*** Begin section ***

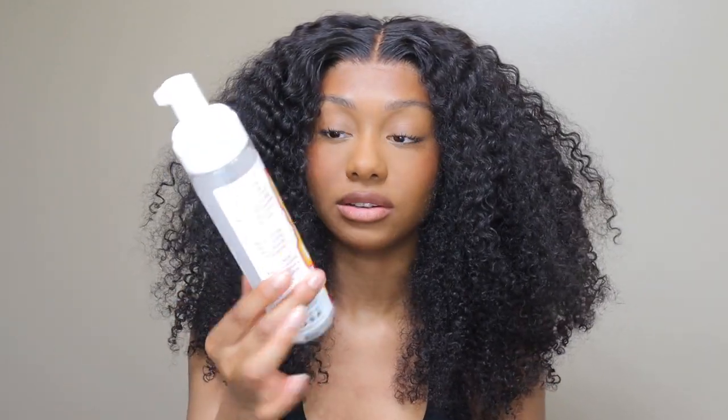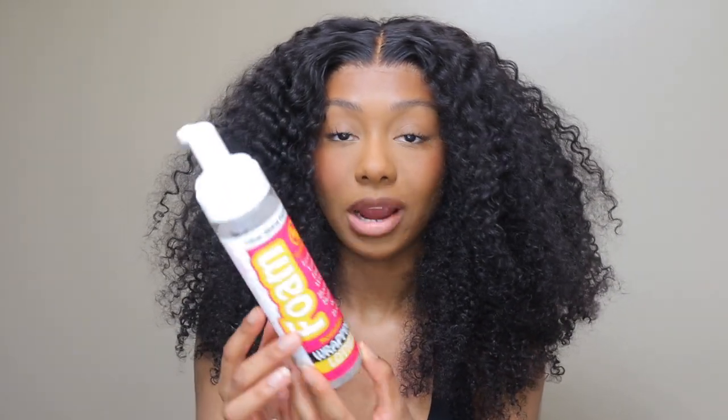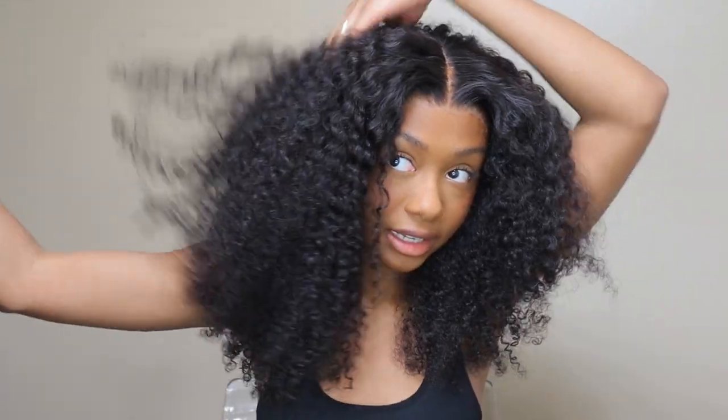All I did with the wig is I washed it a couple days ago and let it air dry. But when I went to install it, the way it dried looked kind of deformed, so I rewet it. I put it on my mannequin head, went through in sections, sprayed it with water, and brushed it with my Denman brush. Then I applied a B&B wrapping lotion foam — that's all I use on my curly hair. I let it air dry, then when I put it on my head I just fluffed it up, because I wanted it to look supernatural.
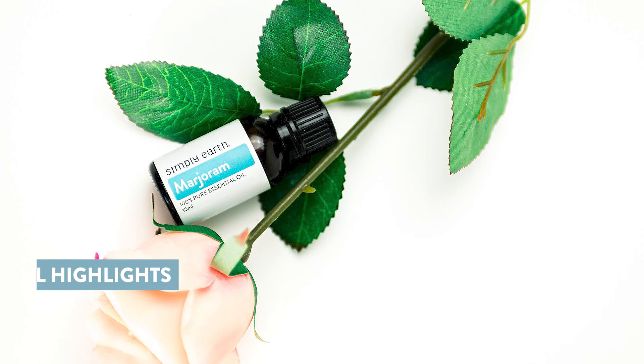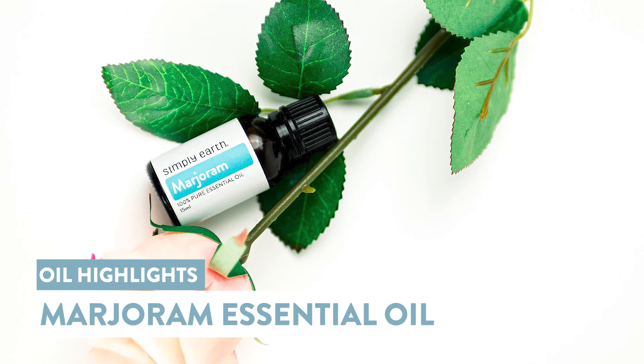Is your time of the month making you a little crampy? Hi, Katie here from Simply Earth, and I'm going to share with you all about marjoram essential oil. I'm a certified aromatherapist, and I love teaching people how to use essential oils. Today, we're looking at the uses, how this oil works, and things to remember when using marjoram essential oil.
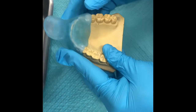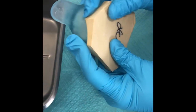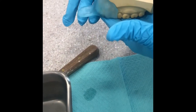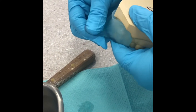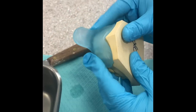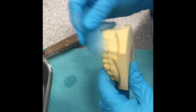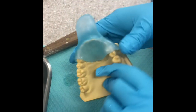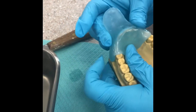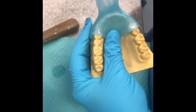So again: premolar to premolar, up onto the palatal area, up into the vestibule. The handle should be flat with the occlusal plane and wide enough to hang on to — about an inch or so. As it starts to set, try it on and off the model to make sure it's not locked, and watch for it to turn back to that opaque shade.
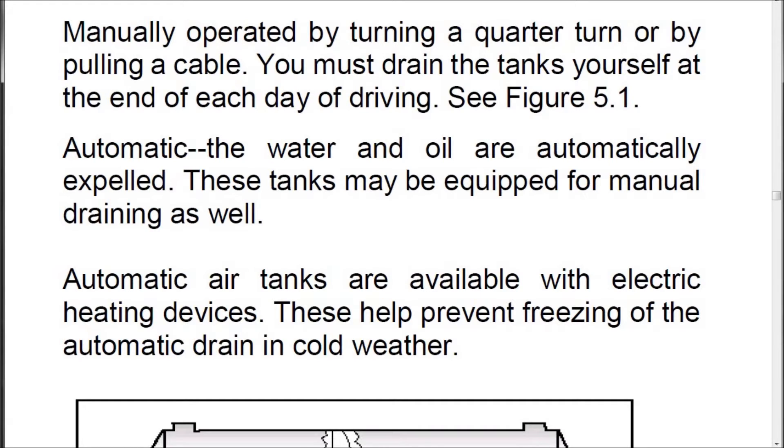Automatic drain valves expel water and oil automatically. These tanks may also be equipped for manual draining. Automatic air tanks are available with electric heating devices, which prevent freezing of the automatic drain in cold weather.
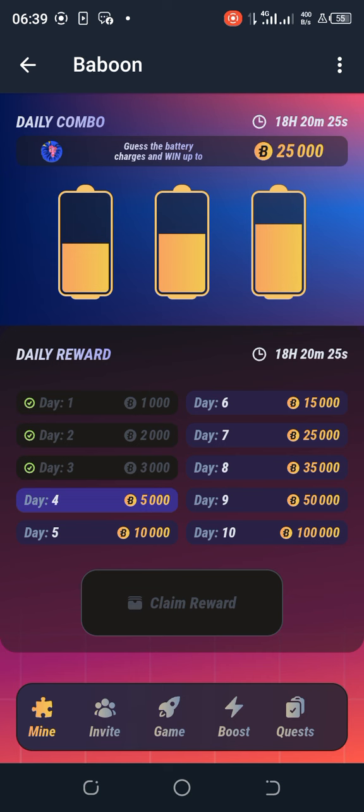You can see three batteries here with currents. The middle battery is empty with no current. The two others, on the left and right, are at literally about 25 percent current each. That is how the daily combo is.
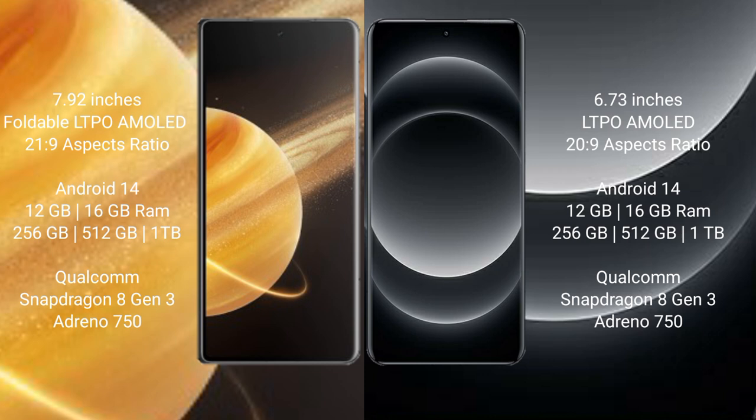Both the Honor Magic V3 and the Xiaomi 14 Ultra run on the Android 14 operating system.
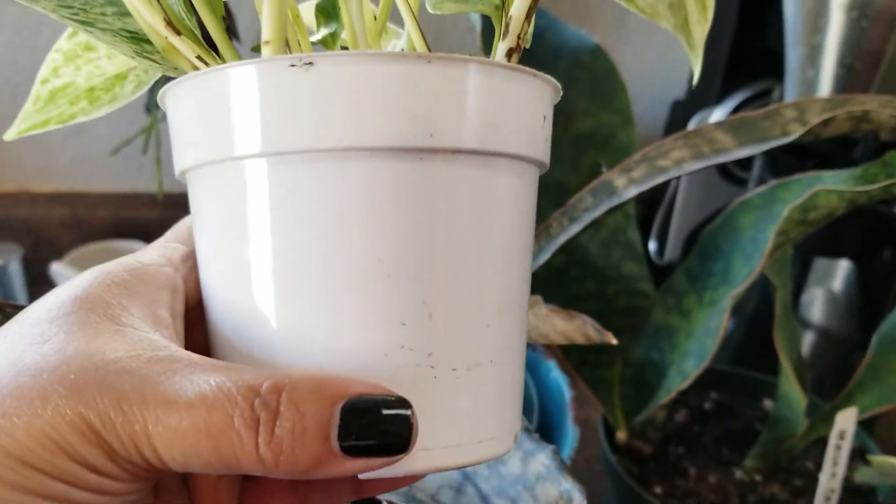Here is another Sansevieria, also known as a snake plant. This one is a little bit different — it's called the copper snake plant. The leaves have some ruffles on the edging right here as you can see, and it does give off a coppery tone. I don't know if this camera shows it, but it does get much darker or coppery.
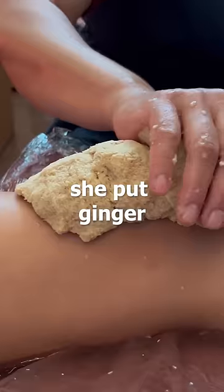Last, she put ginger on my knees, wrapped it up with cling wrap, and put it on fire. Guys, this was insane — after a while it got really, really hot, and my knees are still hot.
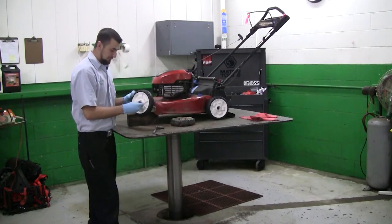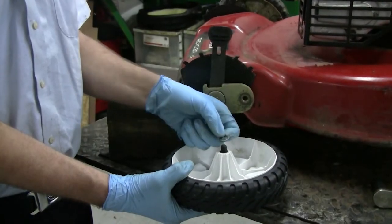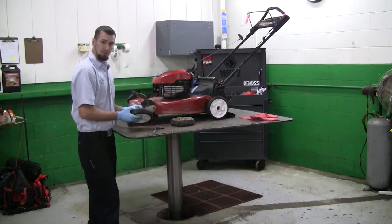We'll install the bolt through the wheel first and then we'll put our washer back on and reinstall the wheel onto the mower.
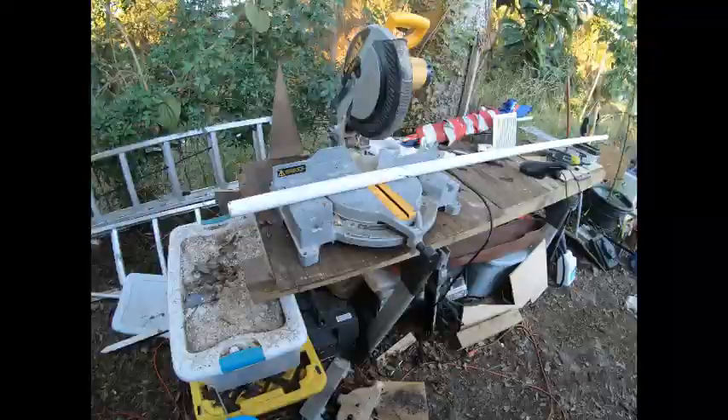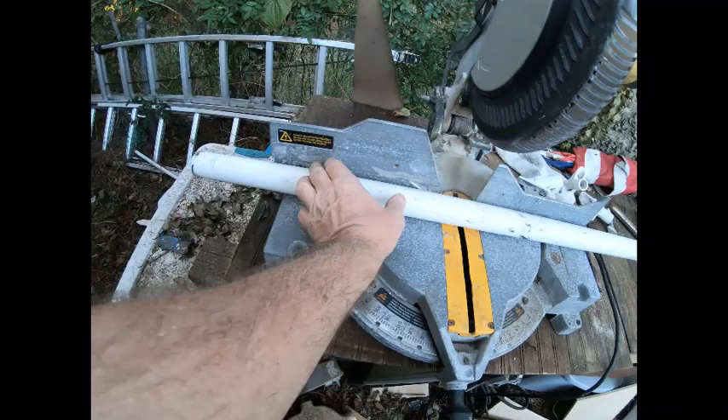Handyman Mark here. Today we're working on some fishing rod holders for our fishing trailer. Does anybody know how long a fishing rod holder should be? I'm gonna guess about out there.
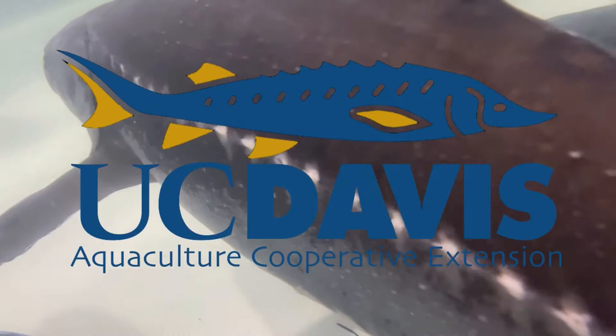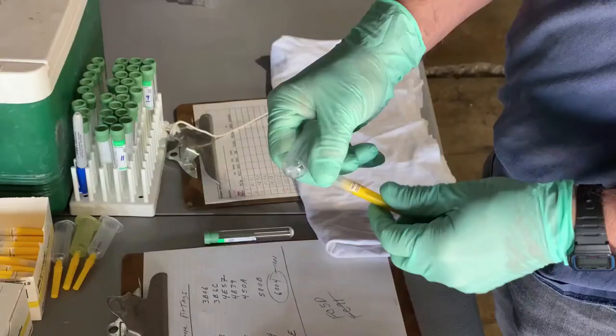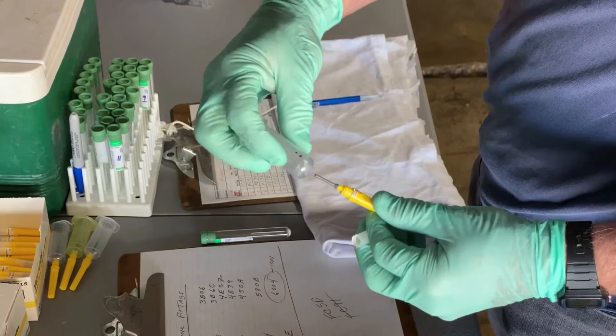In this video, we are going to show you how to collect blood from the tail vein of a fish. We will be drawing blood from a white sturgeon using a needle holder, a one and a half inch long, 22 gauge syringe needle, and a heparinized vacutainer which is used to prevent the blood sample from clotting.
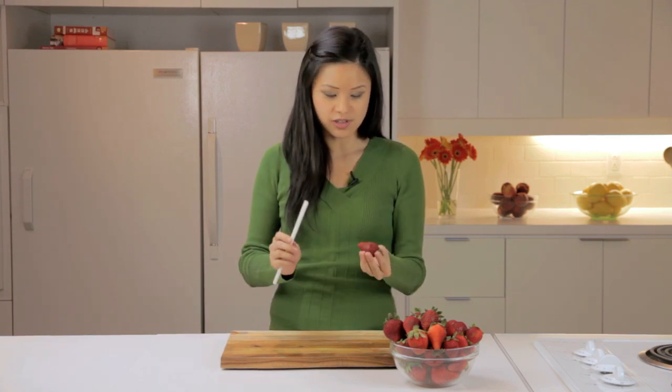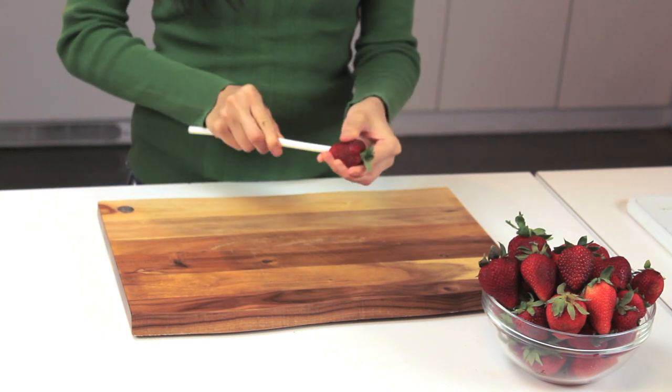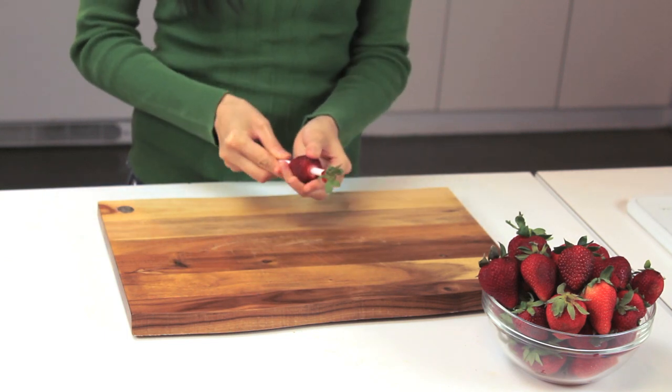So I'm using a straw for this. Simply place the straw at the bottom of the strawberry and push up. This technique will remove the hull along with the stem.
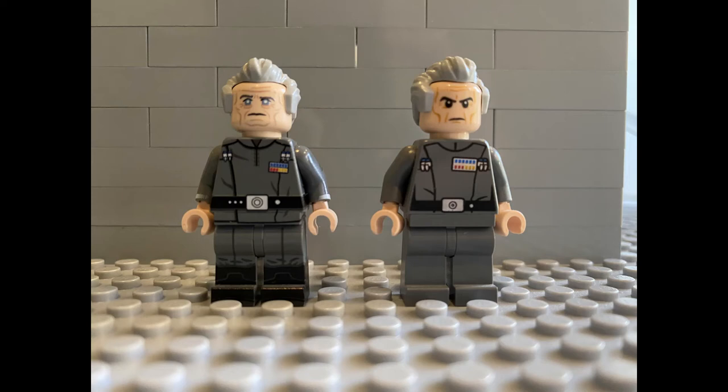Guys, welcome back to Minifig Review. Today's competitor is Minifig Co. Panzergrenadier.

*** End section ***

## PROBLEM REQUIREMENTS
Give back the records exactly, minus any pictures.

## TASK RESPONSE
All I did with the wig is I washed it a couple days ago and let it air dry. But when I went to install it, the way it dried looked kind of deformed, so I rewet it. I put it on my mannequin head, went through in sections, sprayed it with water, and brushed it with my Denman brush. Then I applied a B&B wrapping lotion foam — that's all I use on my curly hair. I let it air dry, then when I put it on my head I just fluffed it up, because I wanted it to look supernatural.
Is your time of the month making you a little crampy? Hi, Katie here from Simply Earth, and I'm going to share with you all about marjoram essential oil. I'm a certified aromatherapist, and I love teaching people how to use essential oils. Today, we're looking at the uses, how this oil works, and things to remember when using marjoram essential oil.
So again: premolar to premolar, up onto the palatal area, up into the vestibule. The handle should be flat with the occlusal plane and wide enough to hang on to — about an inch or so. As it starts to set, try it on and off the model to make sure it's not locked, and watch for it to turn back to that opaque shade.
Automatic drain valves expel water and oil automatically. These tanks may also be equipped for manual draining. Automatic air tanks are available with electric heating devices, which prevent freezing of the automatic drain in cold weather.
You can see three batteries here with currents. The middle battery is empty with no current. The two others, on the left and right, are at literally about 25 percent current each. That is how the daily combo is.
Both the Honor Magic V3 and the Xiaomi 14 Ultra run on the Android 14 operating system.
Here is another Sansevieria, also known as a snake plant. This one is a little bit different — it's called the copper snake plant. The leaves have some ruffles on the edging right here as you can see, and it does give off a coppery tone. I don't know if this camera shows it, but it does get much darker or coppery.
Last, she put ginger on my knees, wrapped it up with cling wrap, and put it on fire. Guys, this was insane — after a while it got really, really hot, and my knees are still hot.
We'll install the bolt through the wheel first and then we'll put our washer back on and reinstall the wheel onto the mower.
Handyman Mark here. Today we're working on some fishing rod holders for our fishing trailer. Does anybody know how long a fishing rod holder should be? I'm gonna guess about out there.
In this video, we are going to show you how to collect blood from the tail vein of a fish. We will be drawing blood from a white sturgeon using a needle holder, a one and a half inch long, 22 gauge syringe needle, and a heparinized vacutainer which is used to prevent the blood sample from clotting.
So I'm using a straw for this. Simply place the straw at the bottom of the strawberry and push up. This technique will remove the hull along with the stem.
Guys, welcome back to Minifig Review. Today's competitor is Minifig Co. Panzergrenadier.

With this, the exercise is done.